3. Promosikan blog Anda; Tentunya Anda dapat memilih berbagai macam metode promosi blog, misalkan dengan bergabung ke komunitas tertentu yang relevan dengan tema website Anda. Disana Anda dapat membagikan konten website Anda dengan member lain. Bisa juga dengan memberi tahu teman Anda mengenai keberadaan website Anda. Semakin banyak pengunjung yang membuka website Anda secara direct, hal tersebut juga akan berdampak baik untuk perkembangan website Anda.

Beberapa Hal yang Wajib Dihindari Dalam Optimasi Blog

Tujuan dari optimasi adalah untuk mendongkrak posisi website. Namun demikian, tidak semua praktik optimasi itu akan mendatangkan dampak positif untuk website Anda. Beberapa hal yang harus Anda hindari antara lain:

1. Over optimasi; Over optimasi adalah sebuah kegiatan mengoptimasi situs web yang dilakukan secara berlebihan. Contohnya melakukan link building secara masal.
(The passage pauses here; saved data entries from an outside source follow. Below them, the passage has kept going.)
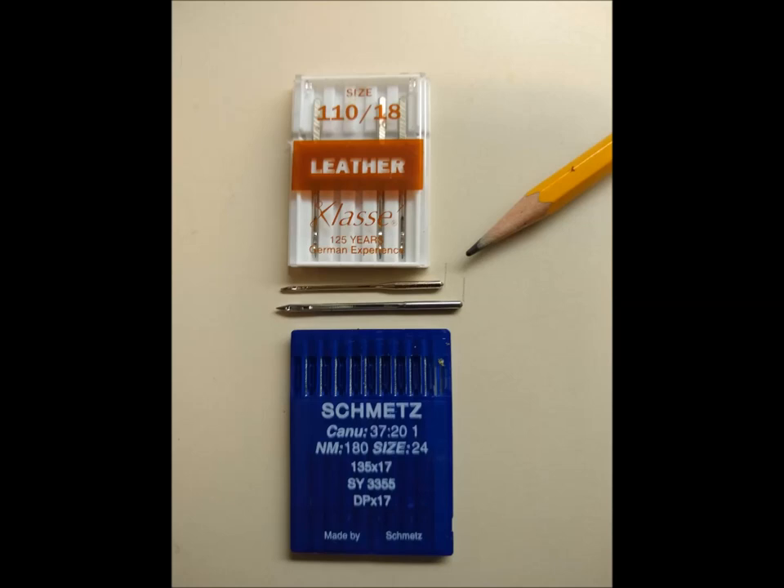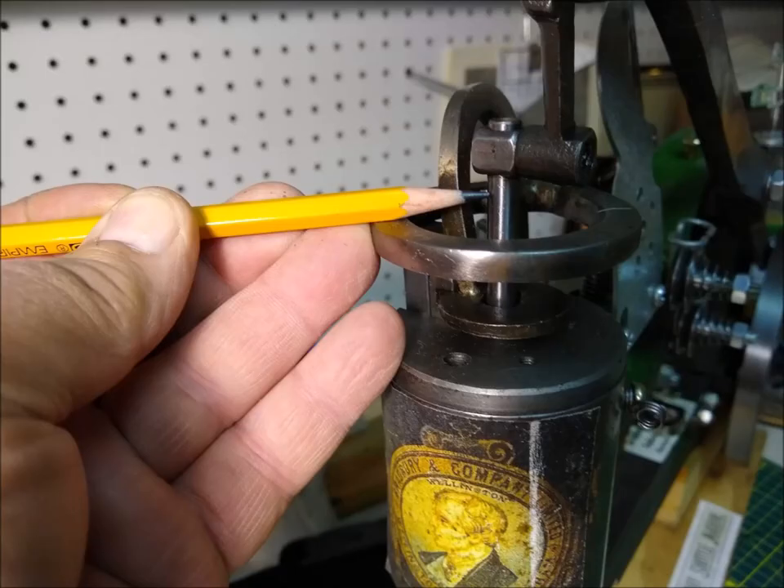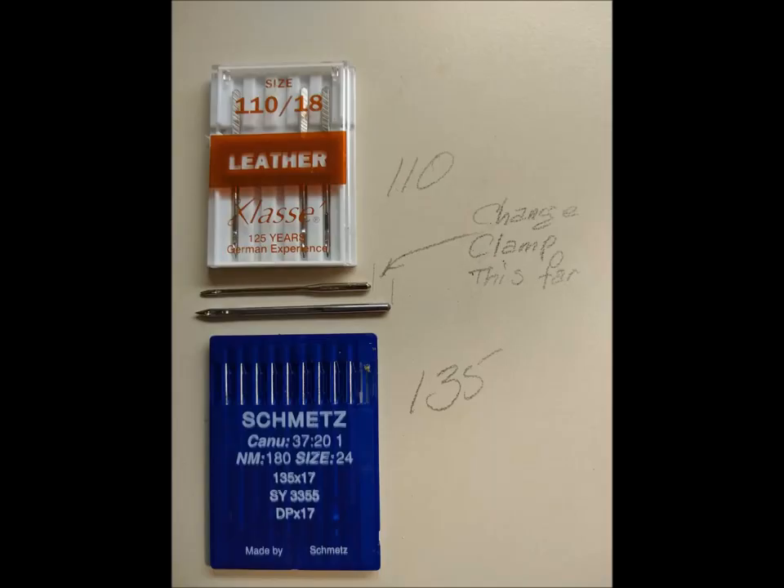It's very easy to convert a Chinese hand crank leather patching sewing machine from the ordinary sewing machine needles it comes with to the longer commercial size. There's a clamp at the top of the needle bar on the machine. Simply adjust the clamp so that it accommodates the longer length of the commercial needle.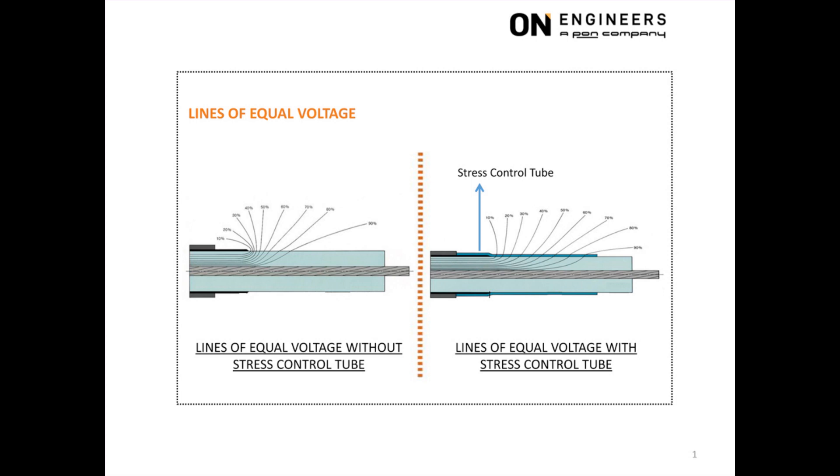The solution is to somehow make all the lines of equal voltage stretch out further towards the cable lug. This is achieved by the use of a stress control tube, which has electrical properties to stretch out these lines of equal voltage.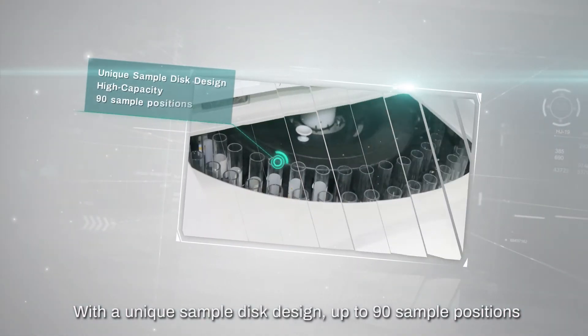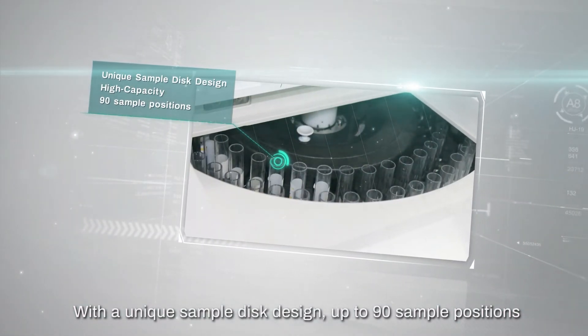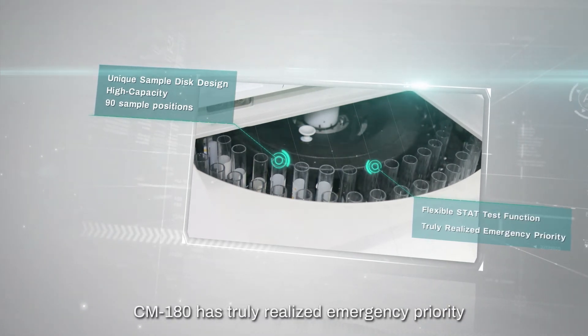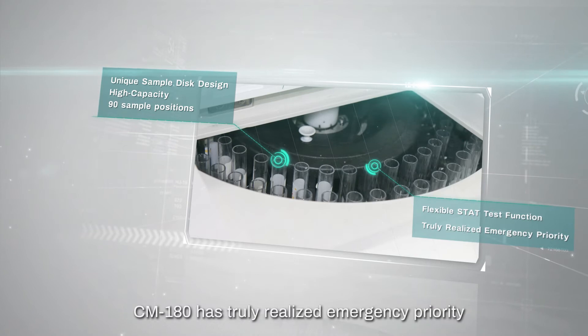With a unique sample rack design, up to 90 sample positions, and a flexible stat test function, CM180 has truly realized emergency priority.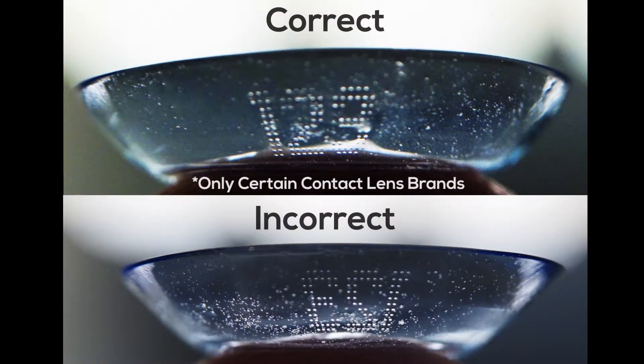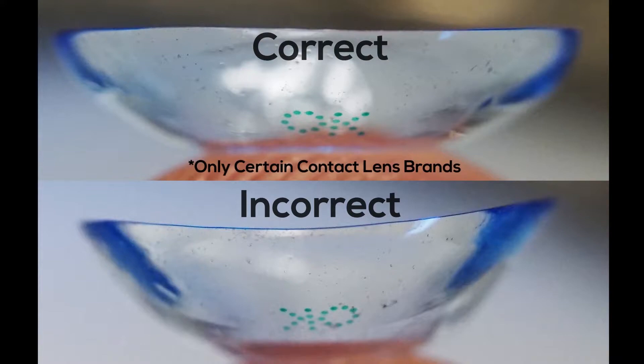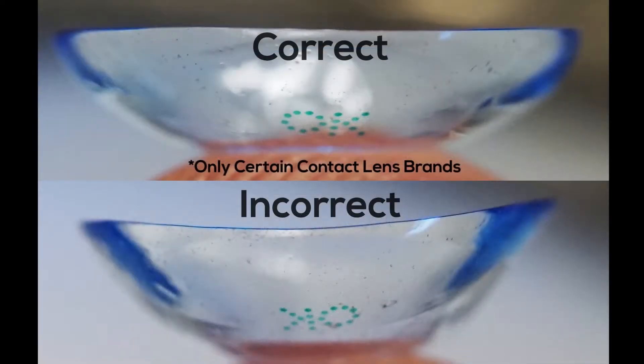Option C: Look for number or branded laser markings on your contact lens. Place the lens on the tip of your finger and look for these markings. If they're backwards, your lens is inside out.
Ini sangat tidak bagus untuk perkembangan website Anda.

2. Posting artikel dipenuhi banyak kata kunci; Keyword stuffing atau menanam keyword secara berlebihan di dalam artikel wajib Anda hindari. Misalnya Anda menulis artikel dengan panjang kata sebanyak 400 kata dan didalamya terdapat lebih dari 50 keyword yang sama di seluruh bagian artikel tersebut. Dengan kondisi tersebut, artikel yang Anda tulis justru akan dinilai sebagai konten spam.

3. Membiarkan halaman error dalam jumlah yang banyak; Semakin banyak halaman error di website Anda, maka semakin buruk pula reputasi website Anda di hadapan search engine. Penting bagi Anda untuk mengecek kesehatan website Anda menggunakan tools semacam Google Console atau tools dengan fungsi yang sama lainnya. Jika terdapat banyak link bermasalah (broken link), segera lakukan perbaikan agar tidak berimbas buruk terhadap website Anda.

Penutup

Jika berbagai macam praktik optimasi telah Anda kerjakan dengan sebaik-baiknya, selanjutnya Anda perlu menunggu sampai blog Anda mendapat peringkat bagus di hasil penelusuran mesin pencari. Ingat, hasil dari berbagai kegiatan optimasi yang Anda lakukan tidak bisa Anda lihat dalam hitungan waktu yang singkat, terlebih jika blog Anda masih relatif baru. Mesin pencari bekerja dengan sistemnya, dan hal tersebut akan memakan waktu.